Study Hall
Audio Technica

# Acoustic Shadowing: Unpacking Wave Numbers (k) & Introducing The Wave Ratio Thesis

## If you’re truly interested in learning about sound propagation and architectural acoustics, it’s something you should be acquainted with, at least casually.

By Michael Fay September 9, 2019

## Introducing The Wave Ratio Thesis

It is proposed here that the term Wave Ratio be included in the wave number lexicon, and the acronym “kr” (all lower case) represent the unit of measurement.

kr directly represents the number of full and partial sine waves that can be completed within the linear distance of the SigDim in question.
The formula is quite simple: frequency, divided by the speed of sound, times the SigDim:

kr = f / c * a. No radians required.

For those who process this better using a specific wavelength, rather than its frequency, this is the reciprocal formula: kr = a/λ

Using kr should be easier and faster than working through k and ka calculations and conversions before any meaningful application can be considered — with one caveat: Calculating the Wave Ratio is a shorthand technique for use in architectural acoustics, where two digit resolution is adequate.

kr examples using a SigDim of 1 foot:

A 500 Hz sine wave has a kr of 0.44, meaning only 44% of one wave fits into 1’ (Figure 5).

Figure 5: The wavelength of 500 Hz is over 2’ long

The 4 kHz kr is 3.55, meaning a 4 kHz tone can be laid across 1’, 3.55 times (Figure 6).

Figure 6: 4,000 Hz can be reproduced 3.55 times within 1 foot.

Extrapolating to larger or smaller SigDims is simple too. Just substitute the required SigDim in the formula, in feet. Example: If your SigDim is 15″, use 1.25’.

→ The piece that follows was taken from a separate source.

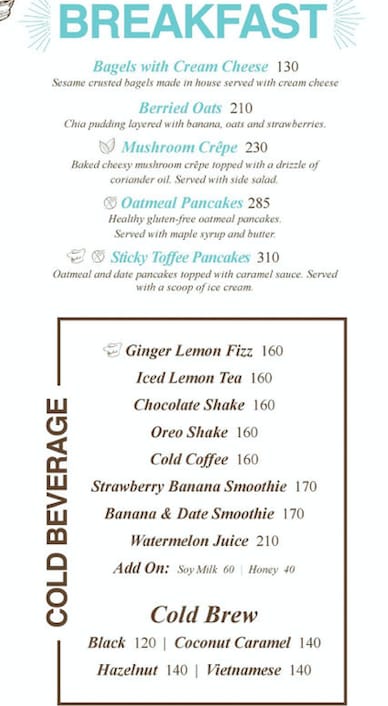 Happy Belly Bakes - MG Road - Bangalore image 5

kr examples using a SigDim of 1.25 feet:

The 500 Hz sine wave will have a kr of 0.55, meaning 55% of one wave fits on a 1.25’ obstruction.
The 1 kHz kr is 1.11. The 2 kHz kr is 2.22. The 4 kHz kr is 4.44, meaning a 4 kHz tone can be laid across 1.25’, 4.44 times.

## Why use kr?

Now that we have a mechanism for calculating the wave ratio, how does it make things simpler? And back to an earlier question, how do complex sound waves know the dimensions of an obstruction? I can tell you it’s a byproduct of kr, not amplitude. Amplitude has no bearing on this topic.

Picture this: When a complex sound wave reaches a solid boundary, certain frequencies can go no further without some blockage, or other wavefront distortion, so they don’t properly reach the listener. However, those frequencies have energy and forward momentum that has to go somewhere. Some of this energy may be absorbed, reflected, diffused, and/or diffracted, but it doesn’t reach the listener. What about the rest?

When sound waves strike a solid barrier, and are unable to proceed further, they must find an alternate path; one with less resistance. The wave energy changes direction by folding parallel to the surface of the obstruction, in all possible directions.

The folding action, which can be as much as 90 degrees in any direction, allows the momentum to be redirected so it can continue. When this happens, the various waves are redirected and spread across the SigDim. This is what makes them directly correlated. This is how the sound waves “relate” to the size of the obstruction.

Bottom line: The more times a specific frequency can be superimposed across the SigDim, the more likely that frequency will be completely blocked. Understanding this thesis leads us to a simpler way to express and calculate the relationship between a SigDim and any particular frequency or wavelength.